**Exercise materials**
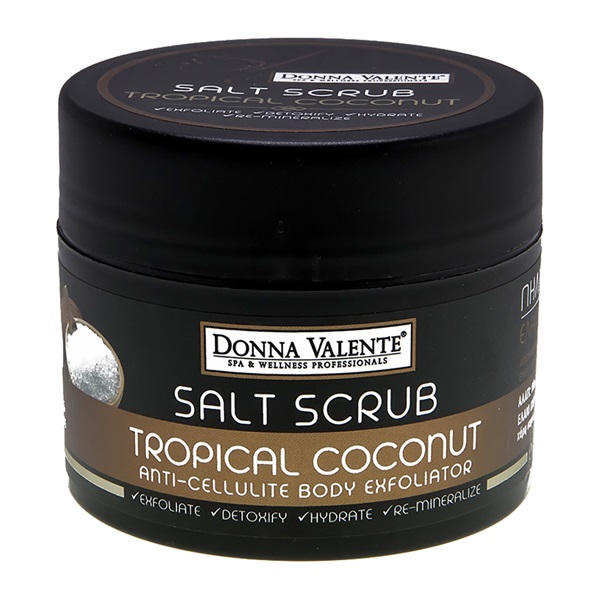 Donna Valente - Body Salt Scrub Tropical Coconut
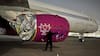 DGAC compromete investigación interna por ataque con grafitis a aeronave estacionada en aeropuerto de Santiago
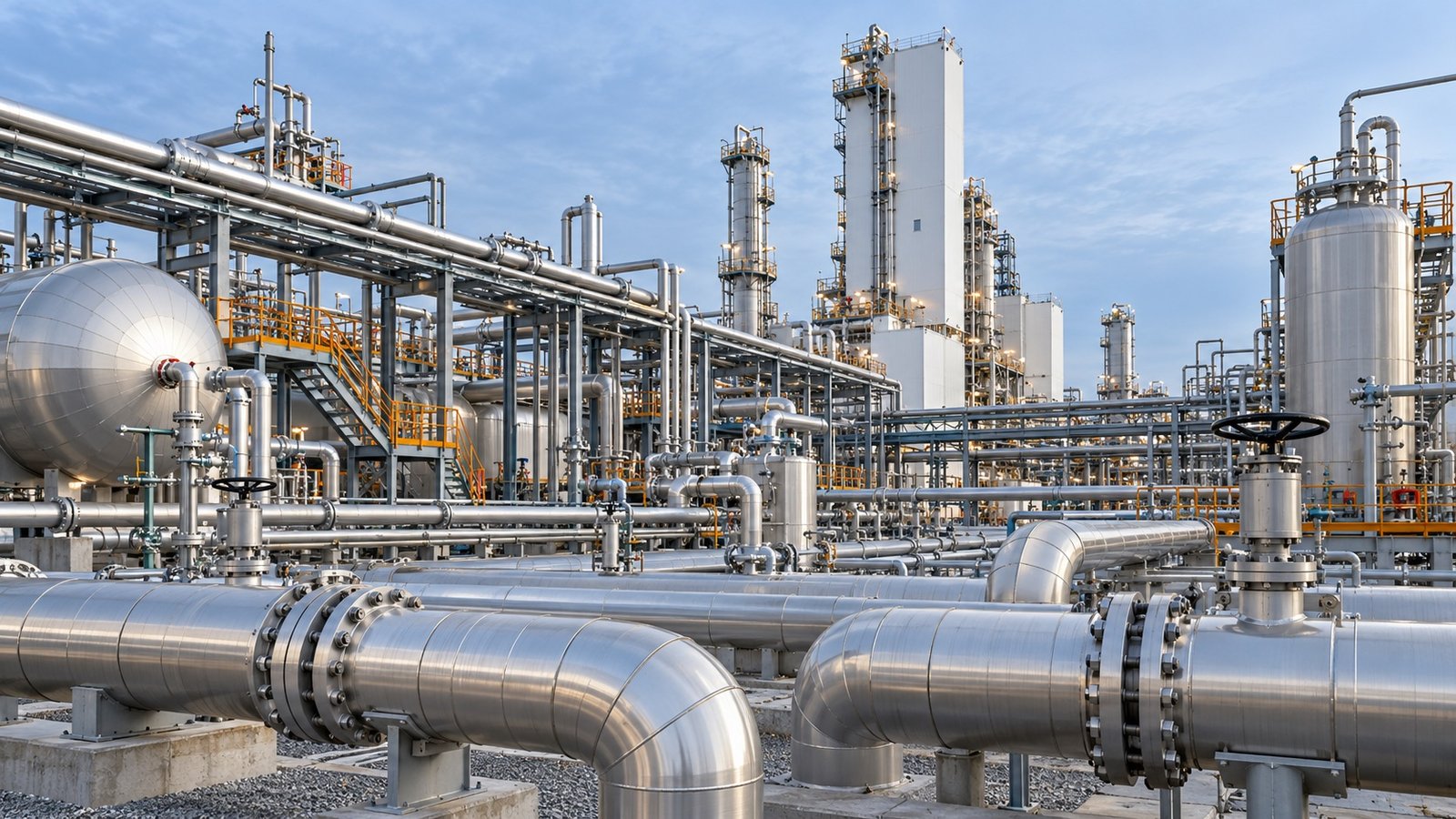 Illustrative industrial setting for industrial gases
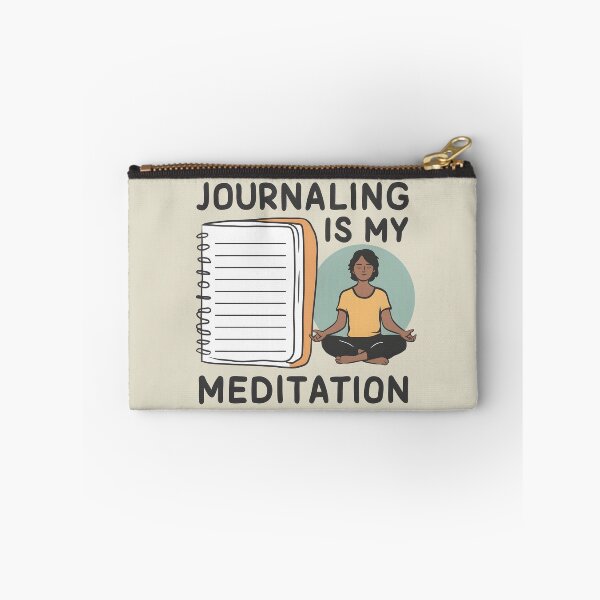 Item preview, Journaling is my Meditation Journaling Lover designed and sold by KLArtzStore.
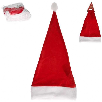 gorro papa noel adulto 30x39cm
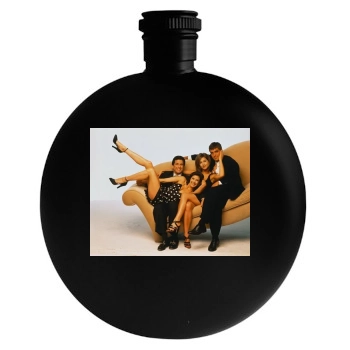 Friends Round Flask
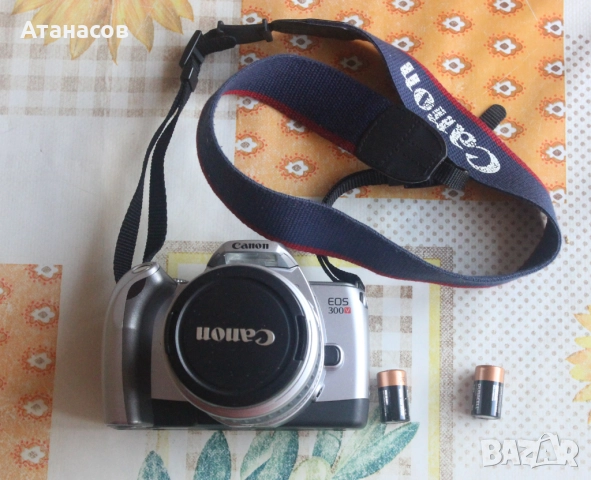 Canon EOS 300V + обектив EF 28-90mm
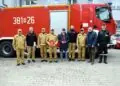 Strażacy z OSP w Trześni otrzymali gaśniczego Keraxa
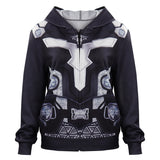 Película Thor: Love and Thunder Valkyrie Sudadera Cosplay Fiesta DISFRAZDEDIADEBRUJAS.ES®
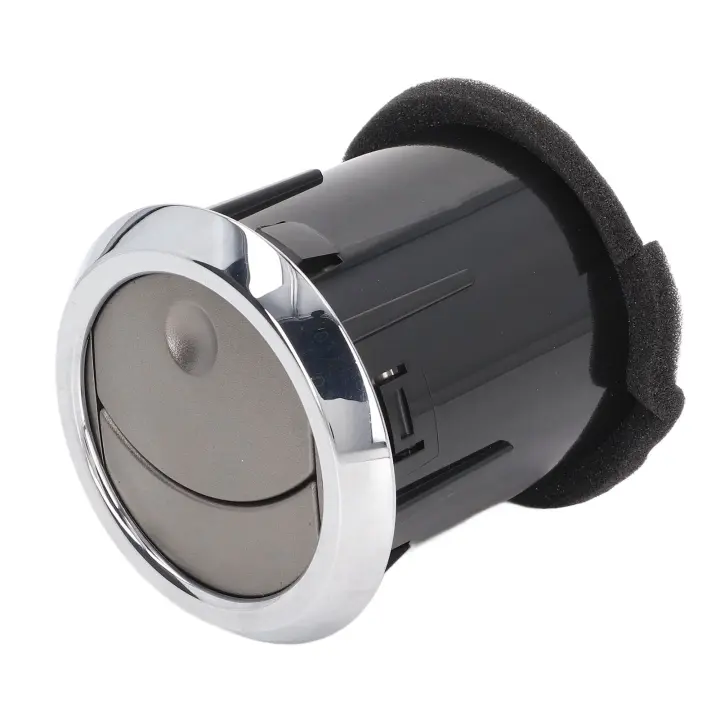 Ventilador De Aire Condicionado Redondo Para Tablero De Manillar Lincoln MKZ 8H6Z 19893 AA Reemplazo De Inserto De Ventilador De Aire Acondicionado Material ABS - 1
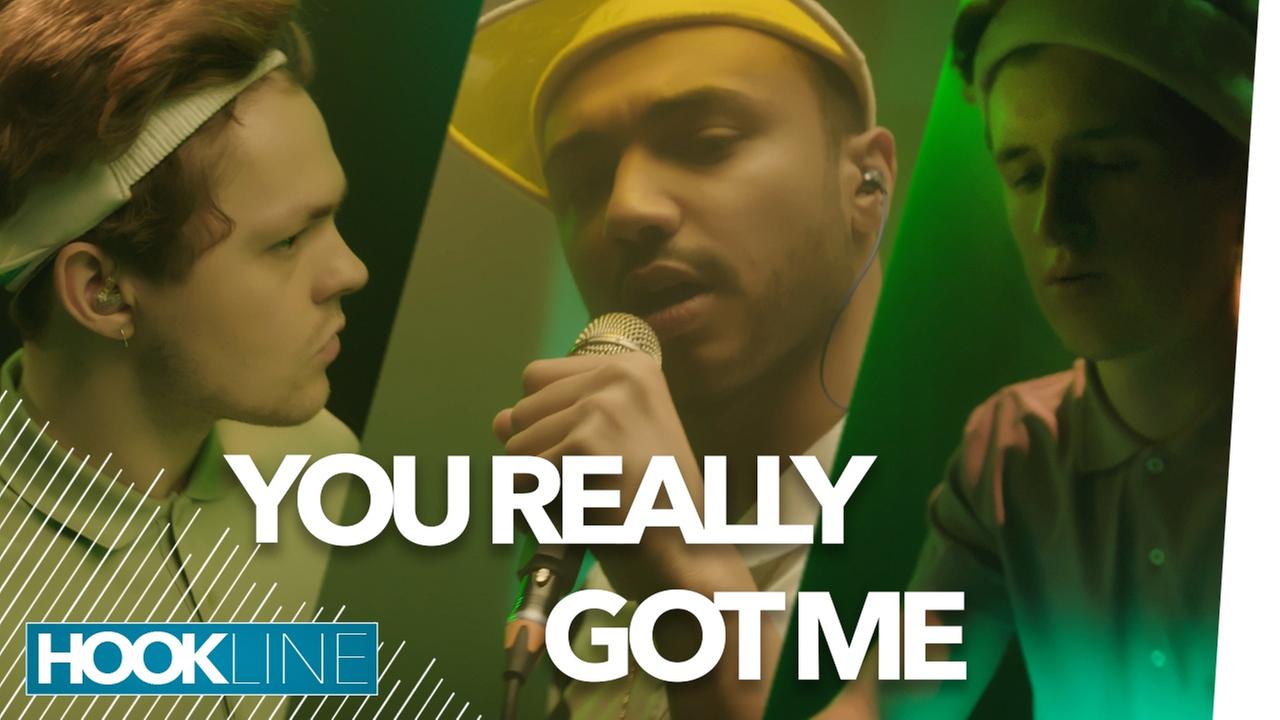 YOU REALLY GOT ME – THE KINKS -- HOOKLINE LIVESESSION FEAT. BRIAN ONI MICHAEL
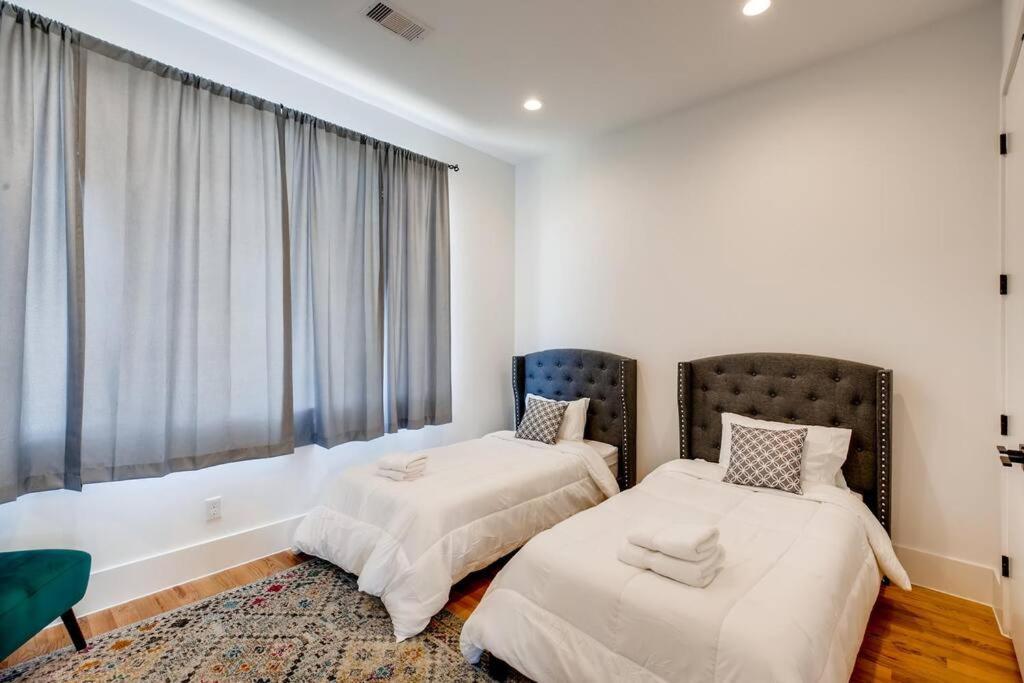 4 Story Home Mins To Downtown Houston With City Views Ngoại thất bức ảnh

**Work task**
Would you please repeat each record exactly? Leave the pictures out.

**Your response**
 Donna Valente - Body Salt Scrub Tropical Coconut
 DGAC compromete investigación interna por ataque con grafitis a aeronave estacionada en aeropuerto de Santiago
 Illustrative industrial setting for industrial gases
 Item preview, Journaling is my Meditation Journaling Lover designed and sold by KLArtzStore.
 gorro papa noel adulto 30x39cm
 Friends Round Flask
 Canon EOS 300V + обектив EF 28-90mm
 Strażacy z OSP w Trześni otrzymali gaśniczego Keraxa
 Película Thor: Love and Thunder Valkyrie Sudadera Cosplay Fiesta DISFRAZDEDIADEBRUJAS.ES®
 Ventilador De Aire Condicionado Redondo Para Tablero De Manillar Lincoln MKZ 8H6Z 19893 AA Reemplazo De Inserto De Ventilador De Aire Acondicionado Material ABS - 1
 YOU REALLY GOT ME – THE KINKS -- HOOKLINE LIVESESSION FEAT. BRIAN ONI MICHAEL
 4 Story Home Mins To Downtown Houston With City Views Ngoại thất bức ảnh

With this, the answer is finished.